SiMA-Hand: Boosting 3D Hand-Mesh Reconstruction by Single-to-Multi-View Adaptation
This addresses occlusion challenges in 3D hand reconstruction for applications like robotics and AR/VR, but it is incremental as it builds on existing multi-view fusion methods.
The paper tackles the problem of 3D hand-mesh reconstruction from RGB images under occlusion by proposing SiMA-Hand, which uses single-to-multi-view adaptation to enrich features from non-occluded views during training, resulting in superior performance on benchmarks like Dex-YCB and HanCo.

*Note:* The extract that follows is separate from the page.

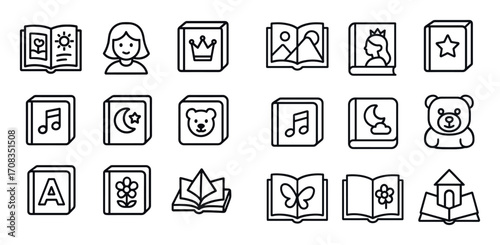 Children's Book Icons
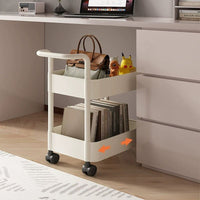 Under-Desk Rolling Storage Cart with Wheels, Multi-layer Organizer for Office, Snacks, Books, and Bags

Estimating 3D hand mesh from RGB images is a longstanding track, in which occlusion is one of the most challenging problems. Existing attempts towards this task often fail when the occlusion dominates the image space. In this paper, we propose SiMA-Hand, aiming to boost the mesh reconstruction performance by Single-to-Multi-view Adaptation. First, we design a multi-view hand reconstructor to fuse information across multiple views by holistically adopting feature fusion at image, joint, and vertex levels. Then, we introduce a single-view hand reconstructor equipped with SiMA. Though taking only one view as input at inference, the shape and orientation features in the single-view reconstructor can be enriched by learning non-occluded knowledge from the extra views at training, enhancing the reconstruction precision on the occluded regions. We conduct experiments on the Dex-YCB and HanCo benchmarks with challenging object- and self-caused occlusion cases, manifesting that SiMA-Hand consistently achieves superior performance over the state of the arts. Code will be released on https://github.com/JoyboyWang/SiMA-Hand Pytorch.